HOW TO COMPLETE THIS TASK
Only one stretch of the listing below is wanted. Give it again exactly, from the line with "Blue House Adventure - With Sweep Option" through the line with "Grey rafale (tekqj)".

SUPPLIED MATERIAL
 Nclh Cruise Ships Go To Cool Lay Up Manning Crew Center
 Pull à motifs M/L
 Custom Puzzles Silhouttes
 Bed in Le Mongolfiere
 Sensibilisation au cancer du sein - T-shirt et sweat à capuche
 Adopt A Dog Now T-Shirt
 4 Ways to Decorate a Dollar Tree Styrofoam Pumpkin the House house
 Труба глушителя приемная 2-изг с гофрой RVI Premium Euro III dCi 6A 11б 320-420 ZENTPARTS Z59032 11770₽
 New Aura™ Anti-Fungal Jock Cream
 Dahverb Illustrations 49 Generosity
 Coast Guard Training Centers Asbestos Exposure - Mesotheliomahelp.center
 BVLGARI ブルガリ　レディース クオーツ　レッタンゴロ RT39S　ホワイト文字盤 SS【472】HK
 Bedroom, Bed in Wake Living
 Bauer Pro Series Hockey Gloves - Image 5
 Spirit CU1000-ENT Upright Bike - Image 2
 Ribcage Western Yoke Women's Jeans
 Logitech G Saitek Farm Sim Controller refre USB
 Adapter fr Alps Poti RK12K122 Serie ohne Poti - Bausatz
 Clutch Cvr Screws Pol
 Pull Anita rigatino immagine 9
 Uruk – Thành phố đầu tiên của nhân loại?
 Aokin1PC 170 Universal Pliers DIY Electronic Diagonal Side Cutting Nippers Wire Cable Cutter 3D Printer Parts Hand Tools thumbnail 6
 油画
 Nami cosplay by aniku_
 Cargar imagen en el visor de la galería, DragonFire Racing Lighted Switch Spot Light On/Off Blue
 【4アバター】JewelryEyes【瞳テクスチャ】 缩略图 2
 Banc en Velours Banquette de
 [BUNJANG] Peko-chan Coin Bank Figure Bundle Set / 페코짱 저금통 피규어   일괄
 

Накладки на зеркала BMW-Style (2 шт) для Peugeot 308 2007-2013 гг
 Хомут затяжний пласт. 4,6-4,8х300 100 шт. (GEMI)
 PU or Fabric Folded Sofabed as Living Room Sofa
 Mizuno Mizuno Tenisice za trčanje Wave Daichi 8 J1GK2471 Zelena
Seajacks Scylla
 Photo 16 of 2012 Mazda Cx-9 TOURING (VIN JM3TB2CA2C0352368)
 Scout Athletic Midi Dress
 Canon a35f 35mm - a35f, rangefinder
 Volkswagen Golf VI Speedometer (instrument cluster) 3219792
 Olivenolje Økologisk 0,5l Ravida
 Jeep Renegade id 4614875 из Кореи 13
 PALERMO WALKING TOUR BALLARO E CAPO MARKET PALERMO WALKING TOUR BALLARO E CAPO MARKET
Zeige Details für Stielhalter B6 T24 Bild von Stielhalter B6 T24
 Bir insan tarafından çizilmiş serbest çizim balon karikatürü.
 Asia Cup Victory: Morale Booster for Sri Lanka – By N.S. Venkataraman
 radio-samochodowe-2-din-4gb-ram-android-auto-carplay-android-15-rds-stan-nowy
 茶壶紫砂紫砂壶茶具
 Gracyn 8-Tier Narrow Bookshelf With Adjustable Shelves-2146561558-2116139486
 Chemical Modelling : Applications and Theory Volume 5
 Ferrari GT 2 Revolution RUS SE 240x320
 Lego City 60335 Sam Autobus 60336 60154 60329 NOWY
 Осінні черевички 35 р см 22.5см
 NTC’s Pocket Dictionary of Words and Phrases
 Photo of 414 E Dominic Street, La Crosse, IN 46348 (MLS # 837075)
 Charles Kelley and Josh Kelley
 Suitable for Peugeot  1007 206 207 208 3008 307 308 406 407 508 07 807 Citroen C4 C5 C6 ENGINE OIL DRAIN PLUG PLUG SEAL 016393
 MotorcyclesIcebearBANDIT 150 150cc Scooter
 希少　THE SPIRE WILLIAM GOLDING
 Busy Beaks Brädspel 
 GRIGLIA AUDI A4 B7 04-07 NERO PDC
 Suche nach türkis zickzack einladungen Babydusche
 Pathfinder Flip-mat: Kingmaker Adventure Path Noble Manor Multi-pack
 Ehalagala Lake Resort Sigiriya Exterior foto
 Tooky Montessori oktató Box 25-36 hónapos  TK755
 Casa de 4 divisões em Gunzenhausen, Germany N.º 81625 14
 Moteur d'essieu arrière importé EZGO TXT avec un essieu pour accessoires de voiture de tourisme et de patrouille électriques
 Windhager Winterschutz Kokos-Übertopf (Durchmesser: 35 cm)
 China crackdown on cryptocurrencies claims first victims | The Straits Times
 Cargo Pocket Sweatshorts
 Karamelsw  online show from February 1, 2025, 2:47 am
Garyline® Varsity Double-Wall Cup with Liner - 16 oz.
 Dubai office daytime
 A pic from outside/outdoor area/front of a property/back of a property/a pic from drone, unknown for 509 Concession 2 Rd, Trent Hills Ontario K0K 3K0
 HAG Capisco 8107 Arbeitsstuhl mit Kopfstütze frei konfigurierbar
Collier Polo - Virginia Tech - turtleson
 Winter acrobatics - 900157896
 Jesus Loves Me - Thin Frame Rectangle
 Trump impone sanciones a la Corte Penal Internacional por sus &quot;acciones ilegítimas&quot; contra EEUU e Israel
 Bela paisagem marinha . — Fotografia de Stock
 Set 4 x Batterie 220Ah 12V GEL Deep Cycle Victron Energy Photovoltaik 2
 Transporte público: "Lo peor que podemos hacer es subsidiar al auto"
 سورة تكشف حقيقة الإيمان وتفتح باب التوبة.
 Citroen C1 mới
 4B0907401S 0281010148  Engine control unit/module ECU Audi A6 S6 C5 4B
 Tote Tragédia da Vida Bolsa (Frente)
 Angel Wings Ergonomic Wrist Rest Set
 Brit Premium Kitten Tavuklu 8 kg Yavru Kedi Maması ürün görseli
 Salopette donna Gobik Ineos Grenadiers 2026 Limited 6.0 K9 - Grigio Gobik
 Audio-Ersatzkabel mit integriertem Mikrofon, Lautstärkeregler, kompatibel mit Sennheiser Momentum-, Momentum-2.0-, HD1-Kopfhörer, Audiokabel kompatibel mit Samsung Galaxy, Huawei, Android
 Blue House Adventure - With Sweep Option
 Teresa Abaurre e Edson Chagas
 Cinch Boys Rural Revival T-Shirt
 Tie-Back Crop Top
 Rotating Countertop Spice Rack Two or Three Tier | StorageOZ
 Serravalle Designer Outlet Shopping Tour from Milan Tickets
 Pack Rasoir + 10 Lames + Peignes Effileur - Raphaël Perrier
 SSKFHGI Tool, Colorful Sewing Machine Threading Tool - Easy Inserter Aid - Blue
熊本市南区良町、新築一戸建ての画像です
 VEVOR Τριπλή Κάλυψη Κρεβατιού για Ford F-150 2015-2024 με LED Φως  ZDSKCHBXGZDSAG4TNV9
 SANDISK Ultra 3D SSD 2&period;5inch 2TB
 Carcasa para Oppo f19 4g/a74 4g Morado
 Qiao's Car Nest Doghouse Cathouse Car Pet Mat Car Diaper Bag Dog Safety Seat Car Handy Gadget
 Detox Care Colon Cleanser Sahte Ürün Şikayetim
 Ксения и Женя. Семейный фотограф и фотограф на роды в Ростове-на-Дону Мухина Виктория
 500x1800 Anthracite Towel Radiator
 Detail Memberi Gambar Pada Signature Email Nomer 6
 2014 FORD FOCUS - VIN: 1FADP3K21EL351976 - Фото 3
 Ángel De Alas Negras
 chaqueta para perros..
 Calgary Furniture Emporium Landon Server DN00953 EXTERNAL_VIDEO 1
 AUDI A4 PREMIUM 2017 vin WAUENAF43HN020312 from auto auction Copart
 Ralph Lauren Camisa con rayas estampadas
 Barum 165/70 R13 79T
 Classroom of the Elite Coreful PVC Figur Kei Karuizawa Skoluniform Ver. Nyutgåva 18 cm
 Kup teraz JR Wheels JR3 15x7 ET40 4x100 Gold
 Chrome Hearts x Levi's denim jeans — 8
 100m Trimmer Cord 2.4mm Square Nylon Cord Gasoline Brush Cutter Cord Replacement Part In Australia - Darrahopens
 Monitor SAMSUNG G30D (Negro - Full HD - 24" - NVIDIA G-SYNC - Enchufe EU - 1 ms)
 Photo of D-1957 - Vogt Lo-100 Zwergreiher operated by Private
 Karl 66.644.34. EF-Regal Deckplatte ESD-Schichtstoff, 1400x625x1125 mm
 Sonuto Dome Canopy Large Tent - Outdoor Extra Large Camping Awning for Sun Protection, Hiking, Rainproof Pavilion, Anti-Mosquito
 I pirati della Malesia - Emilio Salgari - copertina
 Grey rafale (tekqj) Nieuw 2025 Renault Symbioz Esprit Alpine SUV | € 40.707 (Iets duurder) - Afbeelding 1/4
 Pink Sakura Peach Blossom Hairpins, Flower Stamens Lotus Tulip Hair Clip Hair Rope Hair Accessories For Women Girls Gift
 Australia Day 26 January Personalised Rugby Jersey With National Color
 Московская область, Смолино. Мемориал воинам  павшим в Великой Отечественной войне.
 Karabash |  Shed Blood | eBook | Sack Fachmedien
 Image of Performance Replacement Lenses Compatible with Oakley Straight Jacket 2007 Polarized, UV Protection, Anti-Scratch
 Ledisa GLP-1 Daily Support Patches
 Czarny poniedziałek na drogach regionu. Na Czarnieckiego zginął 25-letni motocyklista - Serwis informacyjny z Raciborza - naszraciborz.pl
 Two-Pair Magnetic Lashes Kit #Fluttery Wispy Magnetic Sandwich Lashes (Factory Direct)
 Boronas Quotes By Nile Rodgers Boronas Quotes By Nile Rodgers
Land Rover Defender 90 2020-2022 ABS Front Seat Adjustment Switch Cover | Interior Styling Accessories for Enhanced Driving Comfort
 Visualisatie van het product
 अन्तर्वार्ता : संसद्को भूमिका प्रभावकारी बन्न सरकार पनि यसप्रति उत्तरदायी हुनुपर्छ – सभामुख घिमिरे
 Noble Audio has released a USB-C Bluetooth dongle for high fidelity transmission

TASK RESULT
 Blue House Adventure - With Sweep Option
 Teresa Abaurre e Edson Chagas
 Cinch Boys Rural Revival T-Shirt
 Tie-Back Crop Top
 Rotating Countertop Spice Rack Two or Three Tier | StorageOZ
 Serravalle Designer Outlet Shopping Tour from Milan Tickets
 Pack Rasoir + 10 Lames + Peignes Effileur - Raphaël Perrier
 SSKFHGI Tool, Colorful Sewing Machine Threading Tool - Easy Inserter Aid - Blue
熊本市南区良町、新築一戸建ての画像です
 VEVOR Τριπλή Κάλυψη Κρεβατιού για Ford F-150 2015-2024 με LED Φως  ZDSKCHBXGZDSAG4TNV9
 SANDISK Ultra 3D SSD 2&period;5inch 2TB
 Carcasa para Oppo f19 4g/a74 4g Morado
 Qiao's Car Nest Doghouse Cathouse Car Pet Mat Car Diaper Bag Dog Safety Seat Car Handy Gadget
 Detox Care Colon Cleanser Sahte Ürün Şikayetim
 Ксения и Женя. Семейный фотограф и фотограф на роды в Ростове-на-Дону Мухина Виктория
 500x1800 Anthracite Towel Radiator
 Detail Memberi Gambar Pada Signature Email Nomer 6
 2014 FORD FOCUS - VIN: 1FADP3K21EL351976 - Фото 3
 Ángel De Alas Negras
 chaqueta para perros..
 Calgary Furniture Emporium Landon Server DN00953 EXTERNAL_VIDEO 1
 AUDI A4 PREMIUM 2017 vin WAUENAF43HN020312 from auto auction Copart
 Ralph Lauren Camisa con rayas estampadas
 Barum 165/70 R13 79T
 Classroom of the Elite Coreful PVC Figur Kei Karuizawa Skoluniform Ver. Nyutgåva 18 cm
 Kup teraz JR Wheels JR3 15x7 ET40 4x100 Gold
 Chrome Hearts x Levi's denim jeans — 8
 100m Trimmer Cord 2.4mm Square Nylon Cord Gasoline Brush Cutter Cord Replacement Part In Australia - Darrahopens
 Monitor SAMSUNG G30D (Negro - Full HD - 24" - NVIDIA G-SYNC - Enchufe EU - 1 ms)
 Photo of D-1957 - Vogt Lo-100 Zwergreiher operated by Private
 Karl 66.644.34. EF-Regal Deckplatte ESD-Schichtstoff, 1400x625x1125 mm
 Sonuto Dome Canopy Large Tent - Outdoor Extra Large Camping Awning for Sun Protection, Hiking, Rainproof Pavilion, Anti-Mosquito
 I pirati della Malesia - Emilio Salgari - copertina
 Grey rafale (tekqj) Nieuw 2025 Renault Symbioz Esprit Alpine SUV | € 40.707 (Iets duurder) - Afbeelding 1/4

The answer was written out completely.